Sunday, January 28, 2007

San Francisco Excitement for $1,000, Alex



Oops. This is how the last turn of the LCQ went for JT$ and DV. DV comes in like this, JT$ goes down, and DV makes the main with second in the LCQ. JT$ got a damaged bike, DV got a $1,000 fine.

RC, Stewart, and Reed put on a great show at San Francisco. RC won it, while Reed and Stewart made mistakes. Reed is back on his game. RC will be back at Atlanta. Stewart gave RC a lot of credit in the press conference, and RC noted that at his time and said that was pretty cool.

The weather held out pretty much. The track was actually good. The afternoon was shortened to just one practice, so they left the plastic on the track until then.

Villopoto was again untouchable in Lites. He raced on the first lap with his teammate Chris Gosselaar and got away. Gosselaar was racing for second with Davalos and fell in front of Davalos, who ran into him. Gosselaar has a separated shoulder and is possibly in for next weekend.

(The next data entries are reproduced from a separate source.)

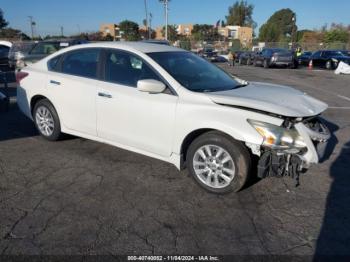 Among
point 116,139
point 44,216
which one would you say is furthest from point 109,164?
point 44,216

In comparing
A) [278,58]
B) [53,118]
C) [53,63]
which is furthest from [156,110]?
[278,58]

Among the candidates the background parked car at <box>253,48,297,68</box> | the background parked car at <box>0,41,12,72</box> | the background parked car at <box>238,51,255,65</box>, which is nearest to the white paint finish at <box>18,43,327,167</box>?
the background parked car at <box>0,41,12,72</box>

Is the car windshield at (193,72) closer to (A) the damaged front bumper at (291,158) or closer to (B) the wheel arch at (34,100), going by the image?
(A) the damaged front bumper at (291,158)

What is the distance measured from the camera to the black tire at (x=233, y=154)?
12.7 ft

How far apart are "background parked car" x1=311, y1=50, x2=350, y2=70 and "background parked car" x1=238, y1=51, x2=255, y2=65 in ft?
18.2

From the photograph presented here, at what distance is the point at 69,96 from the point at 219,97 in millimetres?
2372

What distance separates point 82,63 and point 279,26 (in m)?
114

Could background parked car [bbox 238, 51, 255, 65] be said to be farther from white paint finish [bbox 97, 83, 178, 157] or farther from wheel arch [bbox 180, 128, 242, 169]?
wheel arch [bbox 180, 128, 242, 169]

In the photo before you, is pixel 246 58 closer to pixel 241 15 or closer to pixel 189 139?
pixel 189 139

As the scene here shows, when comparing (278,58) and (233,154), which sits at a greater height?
(233,154)

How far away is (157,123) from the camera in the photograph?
172 inches

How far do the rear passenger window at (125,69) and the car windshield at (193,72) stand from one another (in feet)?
0.62

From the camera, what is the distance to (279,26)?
359ft

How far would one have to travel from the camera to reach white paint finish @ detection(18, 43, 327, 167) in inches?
154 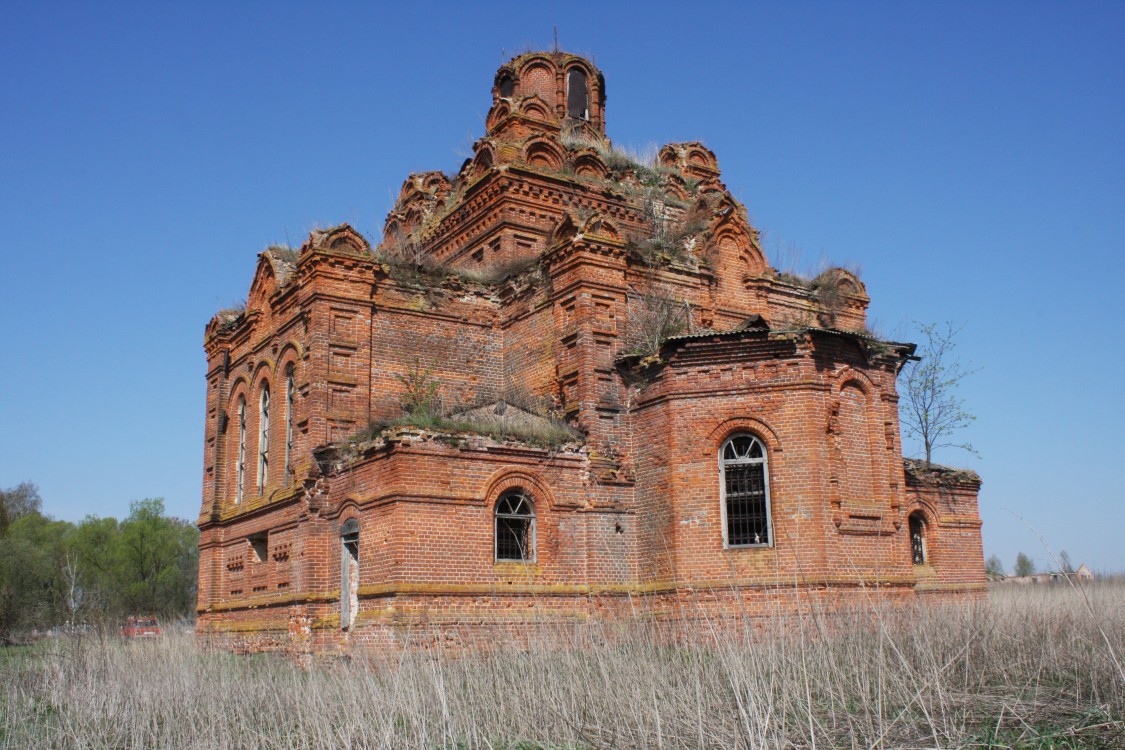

There were some major fireworks after a Lites heat between Lawrence and Grant over what went on in the race. Lawrence was pretty fired up and had to be pulled away.

Villopoto is pinned and making the Lites wins look easy.

The Red Bull Air Force skydiving team made a landing at the show opening, which is a must-see.

AMA folks stayed busy all weekend. First there were phone calls on the 2007 version of the fuel fuss Thursday, then everyone talking about it Friday, then meetings and more arguing Saturday. People just can't understand why the AMA is beating up on the teams with the rulebook when there is a known problem with fuel at the supplier. It's just not logical. They are finding fuel out of spec and treating it like fuel that was tampered with.

Then there was the JT$/DV thing, and another when Dennis Jonon got DQ'd for doing a double during a red light condition on a triple, when is was really Adam Chatfield that did it and not Jonon. As the pits were closing, the Jonon camp wasn't getting it reversed and people were still arguing over it.

MDK wrote a strong letter about its fuel penalty (Nick Wey), and the owner Mark Kvamme isn't going to let it slide. Stayed tuned on this one because it's just getting started. Motorcycle OEMs and the AMA have beat on each other for decades and fusses come and go, and ultimately the OEMs have to put up with it. Not so with Kvamme, so this one may turn out different. Who knows, if things get too gnarly, we may be writing about the Amp'd Mobile MDK Supercross Series.... The AMA can not afford a battle with this guy.